Cognitive-behavioral therapy is one of the most recommended treatment modalities, with online therapeutic options available for children or teenagers. Group or family therapy could also offer support. Medication could even be prescribed for anyone whose gaming addiction involves a concurrent diagnosis of depression or anxiety.
7. Food Addiction
Food addiction is a behavioral addiction that features a lack of impulse control when it comes to eating processed junk food like candy, soda, and salty food. This addiction comes with a strong, uncontrollable desire for the food, overindulging, and then experiencing guilt for eating it. It may even involve hiding these binges from others.
Food addicts can be at risk for excessive weight gain, Type 2 diabetes, and even illnesses that could shorten their lifespan. Treatments for food addiction include mental health counseling and attending support groups. A nutritionist can also help support your health and recovery, and a primary care physician can check for any potential health risks caused by the addiction.
8. Gambling Addiction
Gambling can take many forms, from playing in online casinos to buying lottery tickets to betting on sporting events. When it crosses over into an addiction, it can be very difficult to overcome as gambling activates the reward center of the brain at a level 10 times higher than normal. Individuals with gambling addiction often put their finances, families, and lifestyle at risk with their behavior. In extreme cases, their addiction can lead to a life of crime as they’re tempted to steal to play or cheat to win.
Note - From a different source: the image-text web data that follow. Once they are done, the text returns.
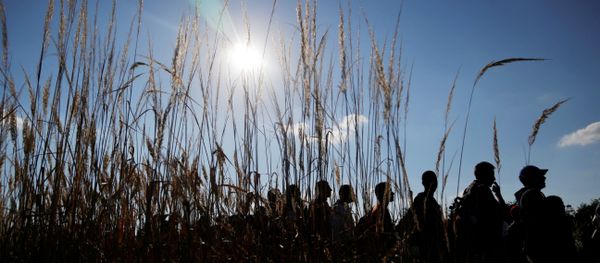 A group of migrants waits in line to be escorted to a train after crossing the border from Croatia near the village of Zakany, Hungary, Wednesday, Sept. 23, 2015. - Sputnik International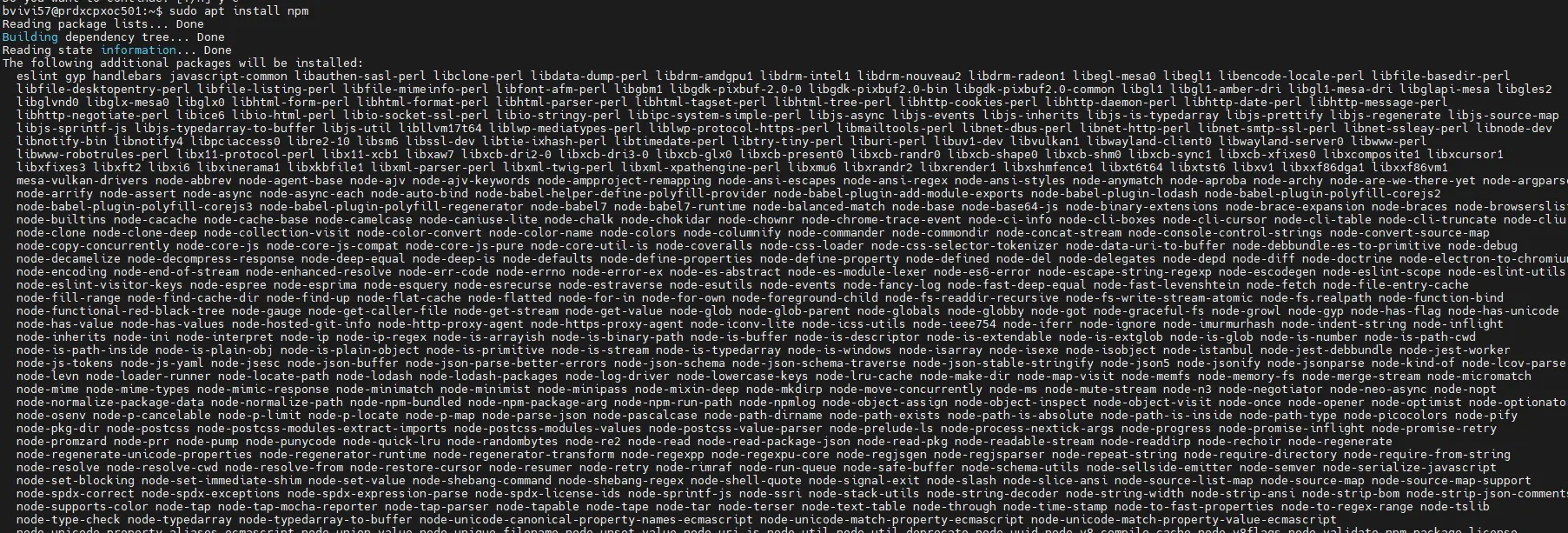 Installation de npm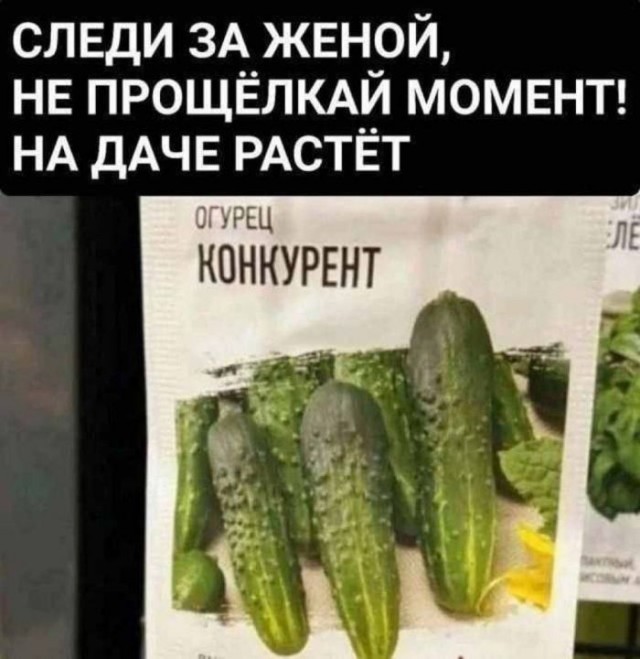 Смешнявых и не очень картинков пост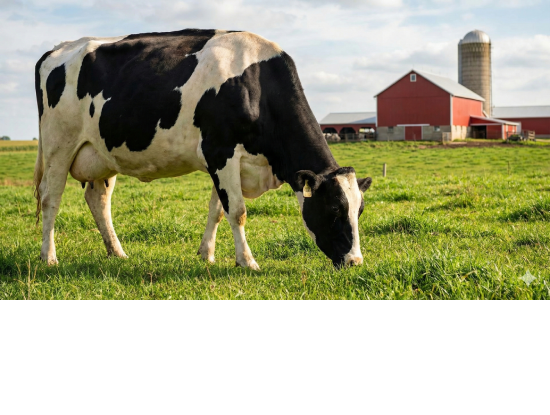 Cow in a pasture eating grass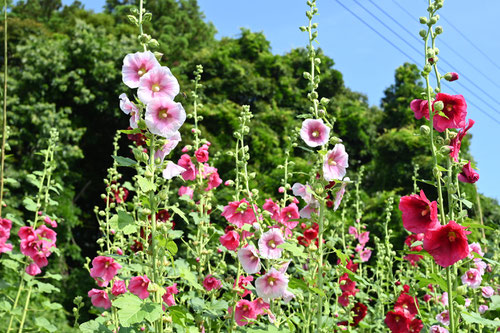アオイ,植物,あおい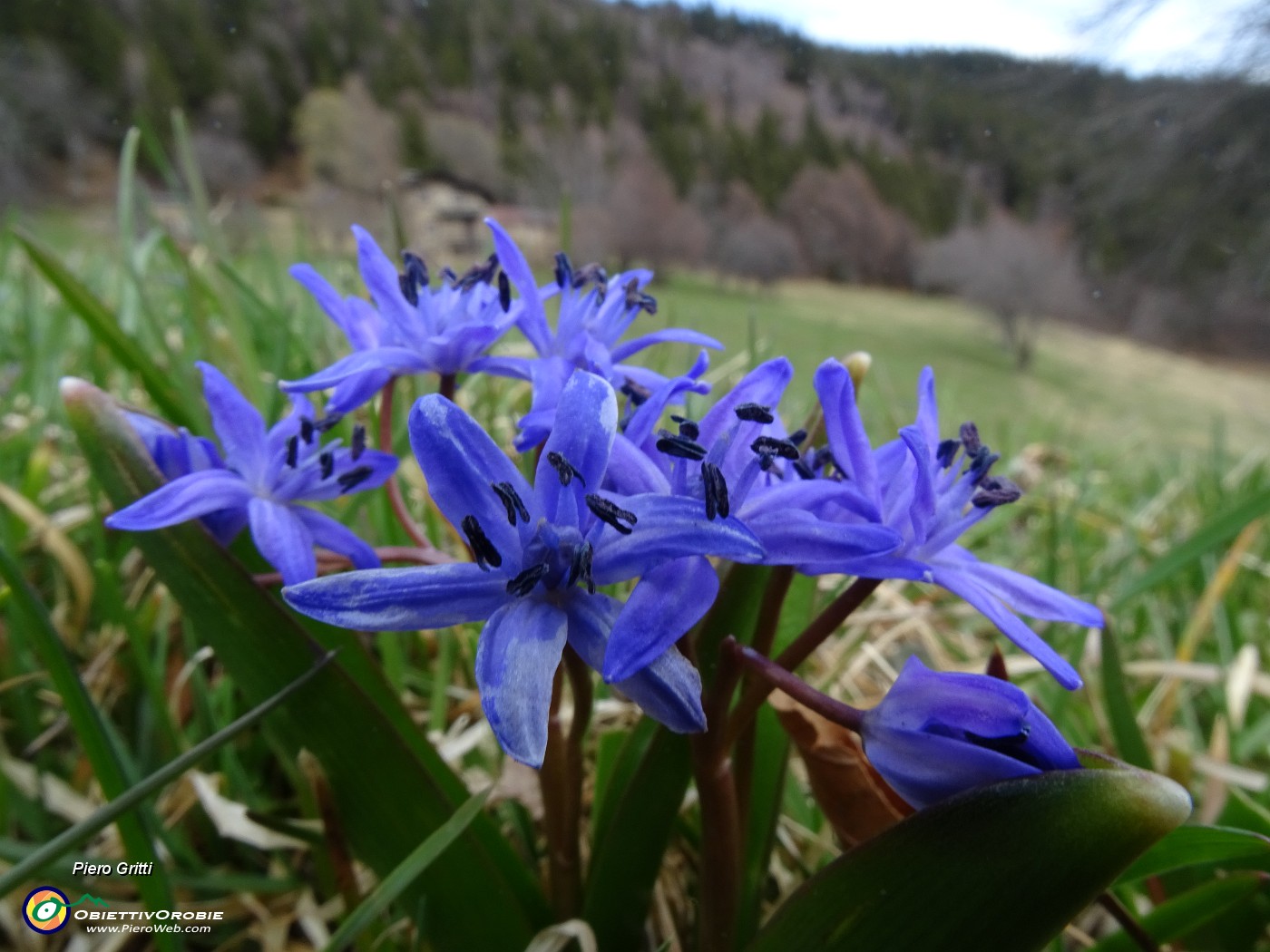 05 Scilla bifolia (Scilla silvestre) ai prati della Pigolotta di Valtorta .JPG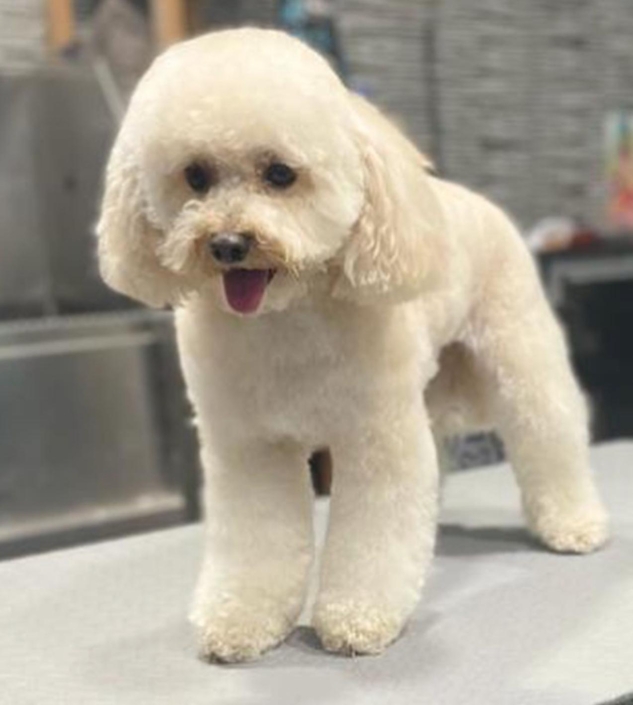 Whatsapp Image 2024-07-01 At 20.12.51 (7)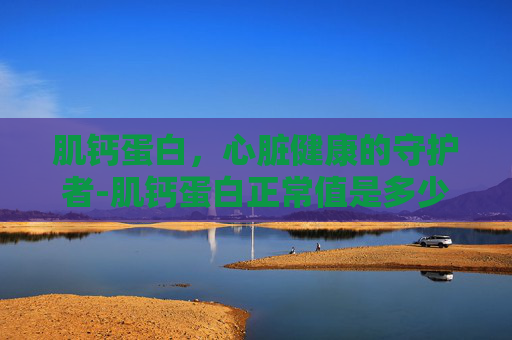 肌钙蛋白，心脏健康的守护者-肌钙蛋白正常值是多少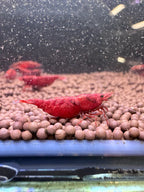 Fire Red Cherry Neocaridina shrimp - The Ray Aquariums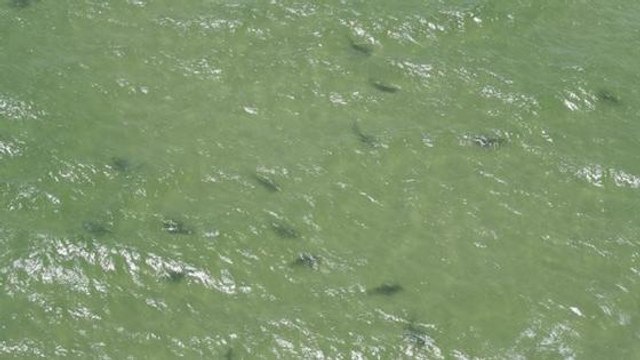 Des centaines de requins se rassemblent autour des côtes de Floride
Gambling addiction can be treated with cognitive-behavioral therapy, gambling support groups, and even inpatient treatment programs. You can also participate in couples counseling, financial counseling, career counseling, and credit counseling while recovering from a gambling addiction.
9. Shopping Addiction
Shopping addiction looks like compulsive shopping and may occur as a result of emotional distress. Shopping addicts can look like any of the following: trophy shoppers who won’t stop until they find the perfect item, thrift shoppers who buy items they don’t need simply because they’re on sale, collectors who are always accumulating to add to their collection, big spenders who buy items that may confer a sense of heightened social status, and binge shoppers who impulsively buy and then later return items.
Shopping addiction can hurt your relationships, your finances, and even your mental health. Treatment options mirror the treatment for other addictions, and support can be found in group therapy and cognitive behavioral therapy. Consulting a financial specialist can also help you work on your relationship with money as you recover from your addiction.
10. Internet Addiction
Even though internet addiction disorder isn’t yet recognized in the Diagnostic and Statistical Manual of Mental Disorders (DSM), it is becoming more common. Internet addiction is characterized by compulsive and pathological internet use. It can involve lying about your use and spending so much time online that you put your jobs, health, and relationships at risk.
Treatment options can include cognitive-behavioral therapy, support groups, and even some pharmacology options such as antidepressants. Some studies even suggest that exercise can act as an intervention.
Society often has compassion for diseases of the body, and yet addicts are often subject to judgment rather than empathy for their illness. For many, the stigma surrounding addiction can be a barrier to acknowledging the disease and seeking treatment. Addictions are diseases that impact neurobiology and can devastate the lives of those who suffer from them.
Recovery is possible, and resources to help you on the journey are plentiful. If you’ve seen yourself in one of these addictions, you’ve taken the first step towards changing your life. Don’t stop now. Help could be a click away.